AÇ GÖZLÜ DOYMAZ

Sıra geldi bu ayki bilgelik hikâyemize. Bakalım, bu hikâye bizlerde nasıl farkındalık yaratacak.

Bazen sürekli isteriz. Hiçbir şekilde bu isteklerimiz bitmez; bir tanesini elde ettiğimizde diğerini isteriz. Bir türlü elimizdekilerle tatmin olmayız. İşte burada, asıl olan ruhumuzun aç olmasından kaynaklanır. Eğer ruh aç ise isteklerin hepsi olsa bile doymaz. Derler ya “Aç insan doyar ama açgözlü insan asla doymaz.” Yine derler ya, “Gözü doymayanın ne midesi ne de yüreği doyar.” diye. Açgözlülük sadece para veya bazı şeylere sahip olma arzusu değildir. İnsanın sahip olduğuyla yetinmeyi bilmemesidir. Böyle insanlar, dünyanın malına sahip olsalar bile sürekli bir istek içindedirler. Siz verisiniz ama doymazlar. Bu açgözlülüğün, zenginlik veya fakirlikle hiçbir ilgisi yoktur. İnsanın cebinde bir ekmek alacak parası yoktur fakat gözü o kadar toktur ki ikram ettiğiniz bir dilim ekmeği kabul eder. İkincisini, siz verseniz bile istemez çünkü bununla karnım doydu, der; öbür dilimi aç olan başka bir insana vermenizi ister. Fakat zengin bir insan, siz ona dünyanın malını verseniz bile yine de yok der, ister.
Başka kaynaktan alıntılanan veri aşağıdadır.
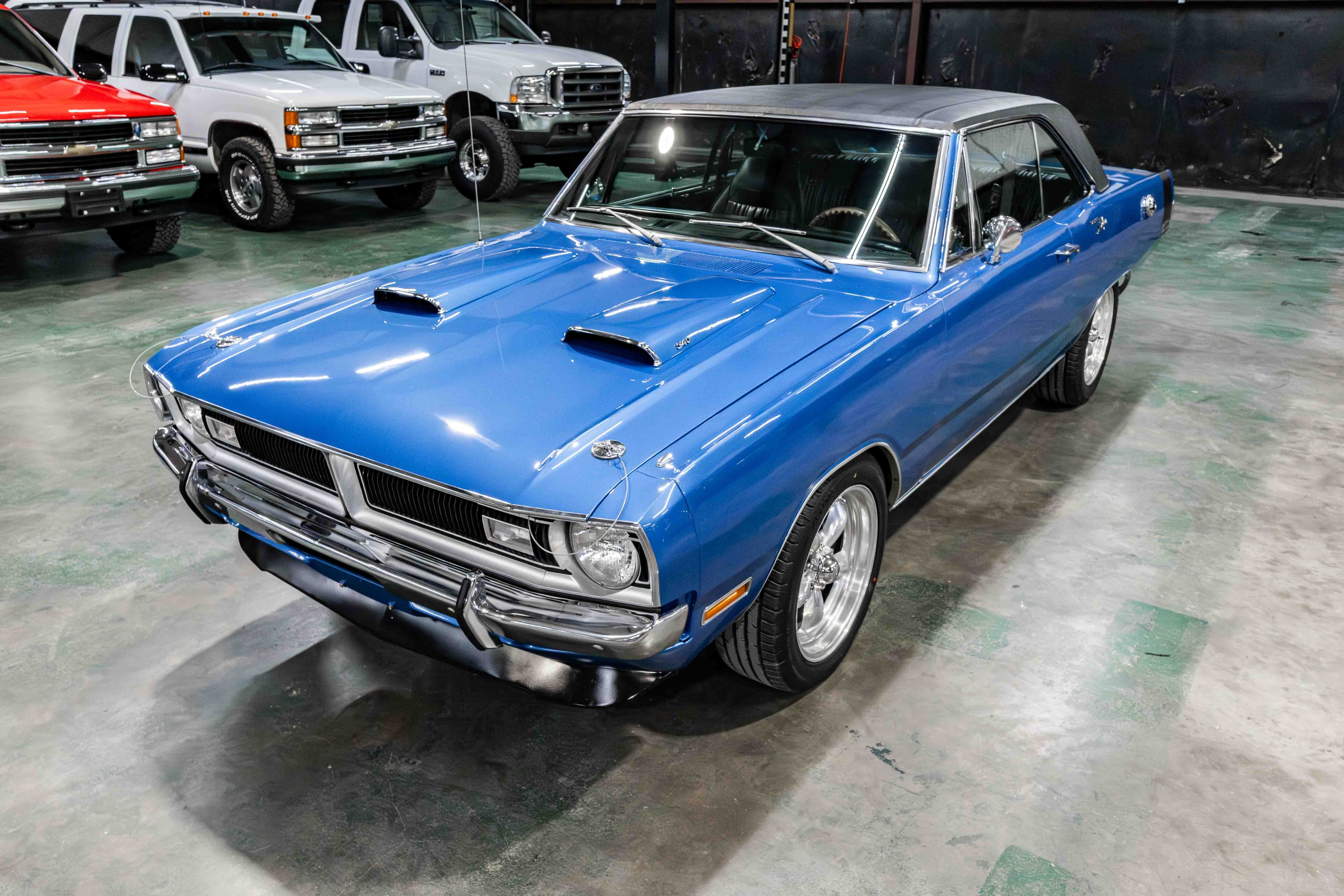 1971 Dodge Dart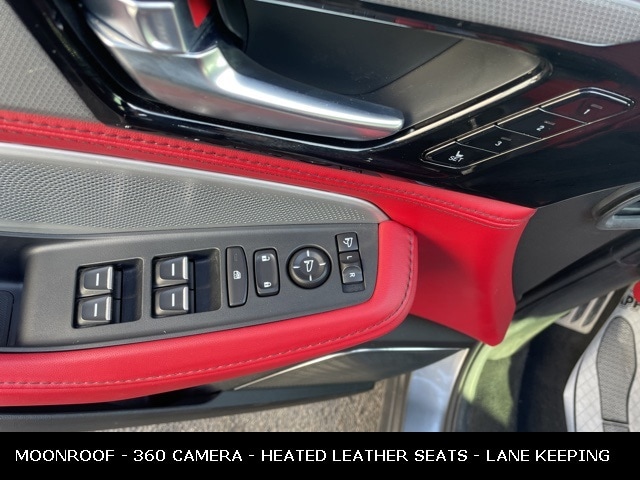 2025 ACURA MDX - Image 17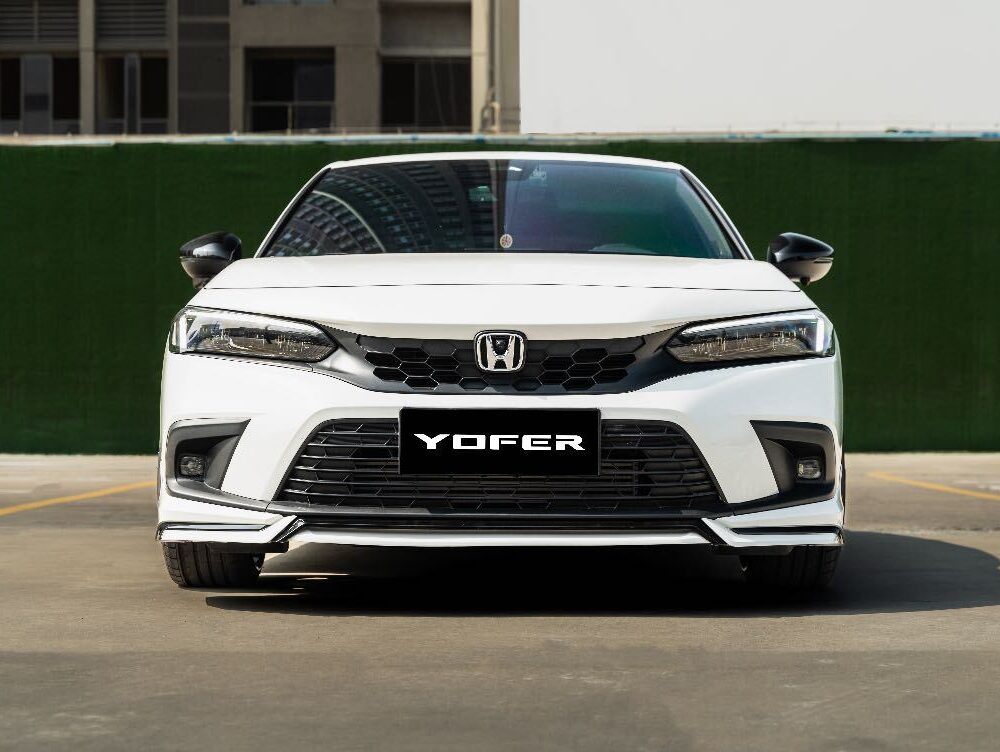 57699ebb92cfeda_1170_752.jpg ★YOFER★ ホンダ シビック FL ボディキット ディフューザー バンパー マフラー リップ スポイラー グリル accord honda FL1 FL4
Şimdi sevgili okuyucularım, sizi hikâye ile baş başa bırakıyorum.

ALTINLA TARTILAN KEMİK…

Satranç ustası bir gezginin yolu İran’a düşmüş. Orada halktan öğrenmiş ki zamanın İran Şahı, satranç oynamayı çok severmiş. Seyyah da madem öyle, ben de gideyim, sarayın kapısından içeri girebilirsem Şahla oynarız demiş.

Adam içeri girmiş. Şah gezgini huzura çağırıp “Mademki sen satrancı çok iyi biliyorsun, o hâlde, bu oyunda beni yenersen ben de seni, sarayımda uzun süre misafir ederim.” demiş. Ve oynamışlar. Oyun sonunda da Şah, mat olmuş.

Şah, adamın yüzüne bakıp “Şimdi dile benden ne dilersen. Bugüne kadar senin gibi güzel satranç oynayanı hiç görmedim. Sen, sana vereceğim hediyeyi çoktan hak ettin.” demiş.

Şah, vezirini çağırıp “Üstada bir kese altın getirip ver.” der ve bunun üzerine seyyah da, “Şah’ım bağışla beni,” deyip cebinden küçük bir kemik çıkarır. “Ben bir kese altın istemiyorum. Ben sadece bu kemiğin ağırlığınca altın istiyorum.” der ve kemiği Vezir’e verir. Şah da bu arada Vezir’ine, “Sen hem kemiğin ağırlığınca hem de ayrıca bir kese de altın ver.” Dedikten sonra Vezir’i hazineye gönderir.

Vezir, hazinede terazinin bir kefesine kemiği; diğer kefesine de altınları koyar. Ama koyduğu altınlar, kemiğin ağırlığına bir türlü eşit olmaz. Hazinede ne kadar altın varsa hepsini koyup tartar. Ama kemik, koyduğu altınların hepsinden ağır gelir. Şaşkınlığını gizleyemeyen Vezir, “Bunda bir iş var,” deyip doğruca Şah’ın huzuruna gider. Ve kulağına der ki “Şah’ım, bu kemik, hazinedeki tüm altınların hepsinden ağır geliyor. Ne yapmamı emredersiniz?”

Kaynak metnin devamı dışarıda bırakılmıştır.